Instruir a los padres con respecto a la necesidad de servir de modelos para
sus hijos, mediante la práctica de buenos hábitos de alimentación y la
actividad física periódica, a modo de inculcar las costumbres saludables en
sus hijos para toda la vida.
Establecer instalaciones de ejercicio en los sitios de trabajo o crear
alicientes para que los empleados se inscriban en los centros locales de
salud.
Entablar un diálogo con el fin de discutir la posibilidad de clasificar la
obesidad como categoría de enfermedad, con miras a las listas de reembolso
de seguro médico.
Es fácil burlarse del estilo de dirigencia Jack LaLanne, pero también hay
un aspecto serio. Como vimos en el último artículo citado, el plan de
Satcher resulta ser otro paso en la dirección de medicalizar las
dificultades de la vida cotidiana, contra lo cual el famoso psiquiatra
Thomas Szasz nos viene advirtiendo desde hace tiempo. El consumir alimentos
en exceso no es una enfermedad, es una decisión que cada uno toma.

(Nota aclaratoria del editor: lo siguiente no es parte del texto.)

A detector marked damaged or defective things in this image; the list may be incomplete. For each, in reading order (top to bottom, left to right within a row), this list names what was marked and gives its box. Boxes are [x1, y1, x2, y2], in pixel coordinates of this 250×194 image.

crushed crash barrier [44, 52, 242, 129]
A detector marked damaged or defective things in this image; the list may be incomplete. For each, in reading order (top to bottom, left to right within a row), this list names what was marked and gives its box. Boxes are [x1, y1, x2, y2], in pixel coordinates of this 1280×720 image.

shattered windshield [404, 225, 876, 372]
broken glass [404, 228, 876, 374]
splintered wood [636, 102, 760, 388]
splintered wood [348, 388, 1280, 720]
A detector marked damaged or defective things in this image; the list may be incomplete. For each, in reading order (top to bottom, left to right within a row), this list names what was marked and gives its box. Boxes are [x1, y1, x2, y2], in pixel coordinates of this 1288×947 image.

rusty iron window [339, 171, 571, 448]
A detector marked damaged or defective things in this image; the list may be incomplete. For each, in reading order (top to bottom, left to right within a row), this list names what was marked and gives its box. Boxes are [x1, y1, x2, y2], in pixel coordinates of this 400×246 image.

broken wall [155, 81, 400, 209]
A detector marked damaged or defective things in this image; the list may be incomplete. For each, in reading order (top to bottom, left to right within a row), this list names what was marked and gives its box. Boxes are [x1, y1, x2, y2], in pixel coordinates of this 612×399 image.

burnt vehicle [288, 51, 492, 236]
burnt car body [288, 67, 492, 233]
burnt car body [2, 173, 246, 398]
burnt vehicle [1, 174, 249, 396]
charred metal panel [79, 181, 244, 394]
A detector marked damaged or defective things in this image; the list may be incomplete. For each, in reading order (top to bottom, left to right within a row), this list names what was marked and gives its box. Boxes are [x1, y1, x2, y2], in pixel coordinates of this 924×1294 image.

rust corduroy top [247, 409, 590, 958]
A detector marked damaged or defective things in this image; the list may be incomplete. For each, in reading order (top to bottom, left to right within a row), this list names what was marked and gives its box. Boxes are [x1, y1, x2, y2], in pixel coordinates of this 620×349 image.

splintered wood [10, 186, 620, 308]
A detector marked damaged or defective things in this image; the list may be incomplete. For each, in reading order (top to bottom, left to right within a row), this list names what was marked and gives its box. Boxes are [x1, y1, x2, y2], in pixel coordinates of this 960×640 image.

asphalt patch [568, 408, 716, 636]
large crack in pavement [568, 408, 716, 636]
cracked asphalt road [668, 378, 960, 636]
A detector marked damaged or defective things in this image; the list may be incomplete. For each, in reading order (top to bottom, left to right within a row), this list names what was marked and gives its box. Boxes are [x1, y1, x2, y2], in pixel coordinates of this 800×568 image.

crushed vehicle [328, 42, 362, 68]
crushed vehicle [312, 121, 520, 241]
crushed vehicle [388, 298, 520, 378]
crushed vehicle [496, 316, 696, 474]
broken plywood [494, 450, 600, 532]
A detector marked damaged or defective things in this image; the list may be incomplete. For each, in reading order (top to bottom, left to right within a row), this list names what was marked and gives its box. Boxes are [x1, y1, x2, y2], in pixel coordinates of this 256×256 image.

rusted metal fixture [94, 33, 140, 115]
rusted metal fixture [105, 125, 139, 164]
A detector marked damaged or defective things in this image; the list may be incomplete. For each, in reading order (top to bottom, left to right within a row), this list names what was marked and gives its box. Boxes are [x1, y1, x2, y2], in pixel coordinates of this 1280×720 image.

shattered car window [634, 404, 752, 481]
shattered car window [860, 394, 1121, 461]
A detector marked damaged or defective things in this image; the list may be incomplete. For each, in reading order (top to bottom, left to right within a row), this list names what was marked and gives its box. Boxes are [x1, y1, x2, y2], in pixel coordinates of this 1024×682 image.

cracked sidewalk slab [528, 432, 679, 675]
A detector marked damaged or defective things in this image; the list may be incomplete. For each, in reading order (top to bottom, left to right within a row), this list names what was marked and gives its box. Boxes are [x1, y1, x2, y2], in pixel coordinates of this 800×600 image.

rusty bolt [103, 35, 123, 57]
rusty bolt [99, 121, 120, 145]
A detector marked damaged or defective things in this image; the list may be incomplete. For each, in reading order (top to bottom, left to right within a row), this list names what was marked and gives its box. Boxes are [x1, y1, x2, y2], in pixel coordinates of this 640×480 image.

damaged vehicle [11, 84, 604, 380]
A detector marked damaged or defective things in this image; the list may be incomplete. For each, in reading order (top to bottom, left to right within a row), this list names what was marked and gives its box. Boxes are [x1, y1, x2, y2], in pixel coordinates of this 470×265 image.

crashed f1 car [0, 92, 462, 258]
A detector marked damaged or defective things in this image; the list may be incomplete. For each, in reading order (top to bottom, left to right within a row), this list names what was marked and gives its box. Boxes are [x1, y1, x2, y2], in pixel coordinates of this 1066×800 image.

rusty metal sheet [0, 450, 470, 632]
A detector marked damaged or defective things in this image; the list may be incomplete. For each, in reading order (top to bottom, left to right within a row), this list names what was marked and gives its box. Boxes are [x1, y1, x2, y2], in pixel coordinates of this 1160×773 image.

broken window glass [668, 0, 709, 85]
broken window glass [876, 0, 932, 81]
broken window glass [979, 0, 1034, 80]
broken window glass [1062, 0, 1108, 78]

Fijémosnos en la referencia a, las listas de reembolso. Es un indicio de
que todo esto tiene que ver con el objetivo de lograr que otros paguen por
los servicios relacionados con la pérdida de peso, por medio de las pólizas
de seguro médico. Se trata de finanzas y no de medicina. En el proceso la
medicina se desvaloriza.
Por último, el interés que muestra el Estado en nuestra salud emite un mal
olor, con la insinuación que las decisiones respecto a la alimentación no
nos conciernen, porque somos propiedad del Estado. El plan que propone
Satcher dice que, La Nación ha de tomar medidas para ayudar a los
norteamericanos a combinar los hábitos sanos de alimentación con el
ejercicio físico. Pero, ¿en qué consiste la Nación, si no en los propios
norteamericanos? La elevación de la Nación por el ministro de higiene física
y mental, ha de alarmar a todo el que estima la libertad.
No fue por casualidad que, tanto los fascistas como los nazis y los
comunistas, todos vieron como un deber esencial del Estado totalitario, el
mantenimiento de la salud del pueblo.